Starting with the line below that holds "Adger Lake, NC - Laser Cut Wood Map" and stopping after the line that holds "Gift For Father", transcribe the lines exactly, leaving out all pictures.

_Data extracts:_
+ + + + + + +

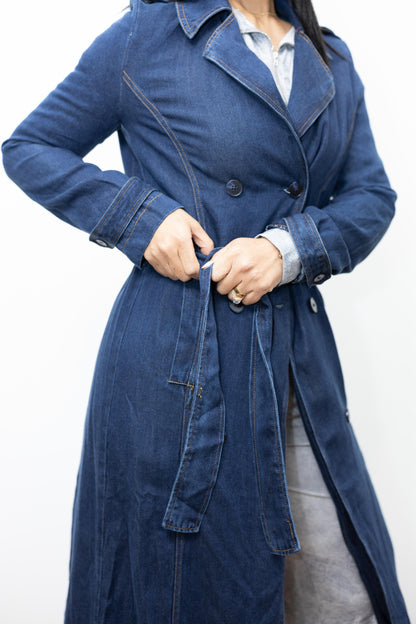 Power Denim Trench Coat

+ + + + + + +

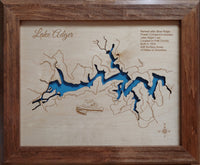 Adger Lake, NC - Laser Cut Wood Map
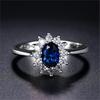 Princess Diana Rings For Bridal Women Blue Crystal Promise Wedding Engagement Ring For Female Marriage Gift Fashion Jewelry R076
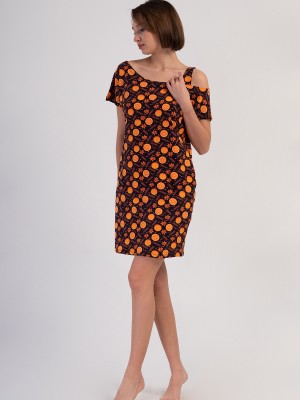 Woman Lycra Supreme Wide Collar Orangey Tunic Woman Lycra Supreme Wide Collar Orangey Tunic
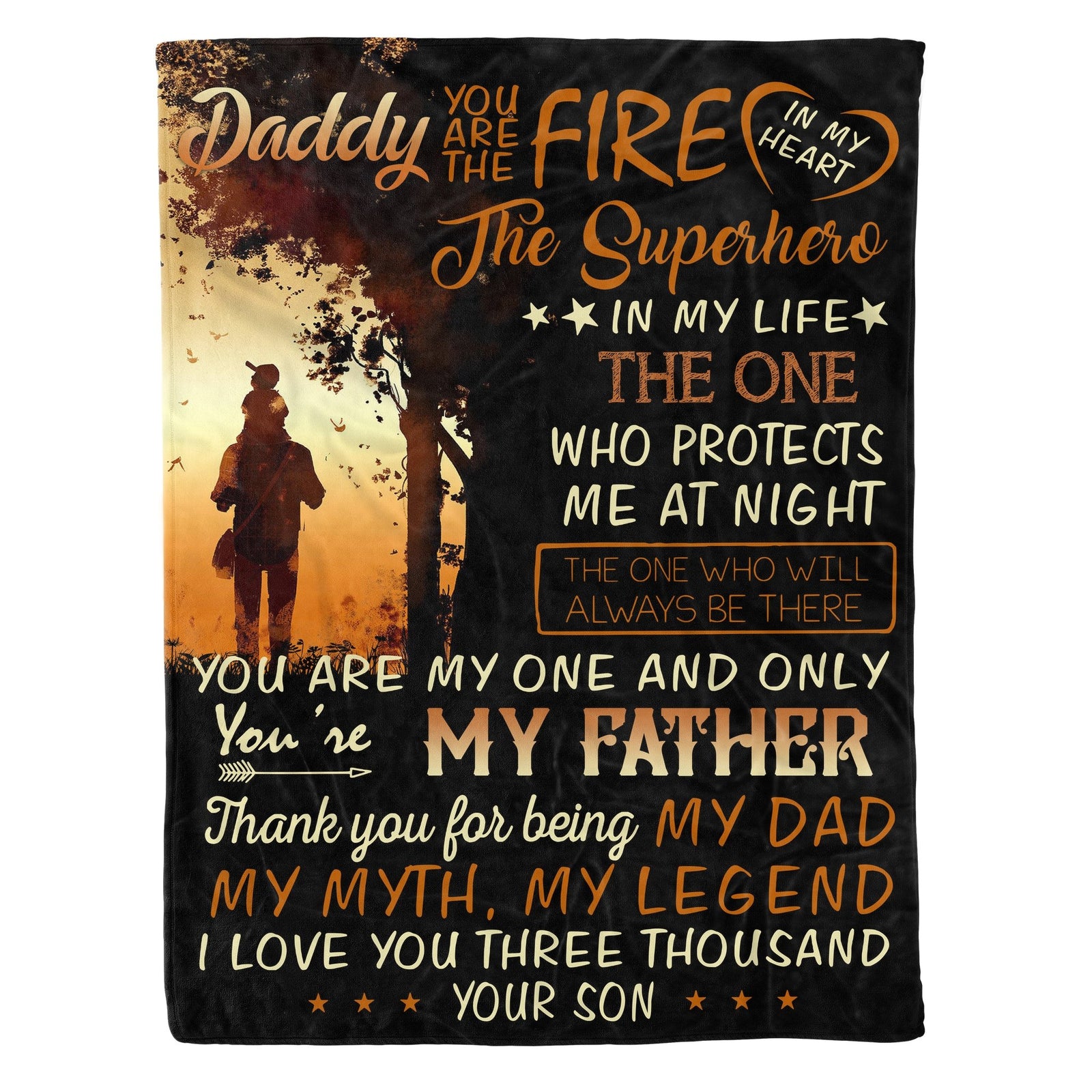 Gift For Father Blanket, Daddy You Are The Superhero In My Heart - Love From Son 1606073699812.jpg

+ + + + + + +

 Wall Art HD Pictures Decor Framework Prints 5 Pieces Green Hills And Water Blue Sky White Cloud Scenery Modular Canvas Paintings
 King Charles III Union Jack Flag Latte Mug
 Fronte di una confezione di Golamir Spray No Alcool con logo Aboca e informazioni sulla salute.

+ + + + + + +

_Result:_
 Adger Lake, NC - Laser Cut Wood Map
 Princess Diana Rings For Bridal Women Blue Crystal Promise Wedding Engagement Ring For Female Marriage Gift Fashion Jewelry R076
 Woman Lycra Supreme Wide Collar Orangey Tunic Woman Lycra Supreme Wide Collar Orangey Tunic
 Gift For Father Blanket, Daddy You Are The Superhero In My Heart - Love From Son 1606073699812.jpg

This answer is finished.